→ **Work task**:
Give only the number of lines below that contain the word "Dress".

→ **Extracted information**:
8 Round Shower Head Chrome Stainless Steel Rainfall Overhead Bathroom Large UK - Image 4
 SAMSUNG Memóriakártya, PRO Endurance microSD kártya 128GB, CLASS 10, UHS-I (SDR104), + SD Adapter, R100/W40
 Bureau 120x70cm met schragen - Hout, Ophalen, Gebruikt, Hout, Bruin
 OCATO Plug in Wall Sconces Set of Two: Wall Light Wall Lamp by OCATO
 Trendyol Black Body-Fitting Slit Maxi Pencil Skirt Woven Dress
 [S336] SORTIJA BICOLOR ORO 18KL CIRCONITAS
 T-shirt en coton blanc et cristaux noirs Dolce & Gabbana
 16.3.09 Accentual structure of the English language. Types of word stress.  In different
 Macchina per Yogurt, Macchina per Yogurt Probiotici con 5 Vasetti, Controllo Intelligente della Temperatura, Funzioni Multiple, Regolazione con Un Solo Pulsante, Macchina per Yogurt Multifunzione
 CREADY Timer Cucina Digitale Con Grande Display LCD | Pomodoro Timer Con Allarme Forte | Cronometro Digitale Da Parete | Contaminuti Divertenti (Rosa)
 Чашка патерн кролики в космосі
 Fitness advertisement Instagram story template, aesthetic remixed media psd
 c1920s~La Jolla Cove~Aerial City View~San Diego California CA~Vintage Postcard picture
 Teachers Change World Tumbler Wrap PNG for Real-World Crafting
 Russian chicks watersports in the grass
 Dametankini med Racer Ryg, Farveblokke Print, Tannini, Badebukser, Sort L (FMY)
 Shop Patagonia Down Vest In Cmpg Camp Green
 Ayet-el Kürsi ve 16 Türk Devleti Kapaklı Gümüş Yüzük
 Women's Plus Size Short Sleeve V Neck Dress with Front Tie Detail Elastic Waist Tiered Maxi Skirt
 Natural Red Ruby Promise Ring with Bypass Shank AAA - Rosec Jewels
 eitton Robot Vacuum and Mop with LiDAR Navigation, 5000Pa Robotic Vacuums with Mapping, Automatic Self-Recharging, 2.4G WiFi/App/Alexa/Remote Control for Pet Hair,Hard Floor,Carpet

→ **Answer for the task**:
2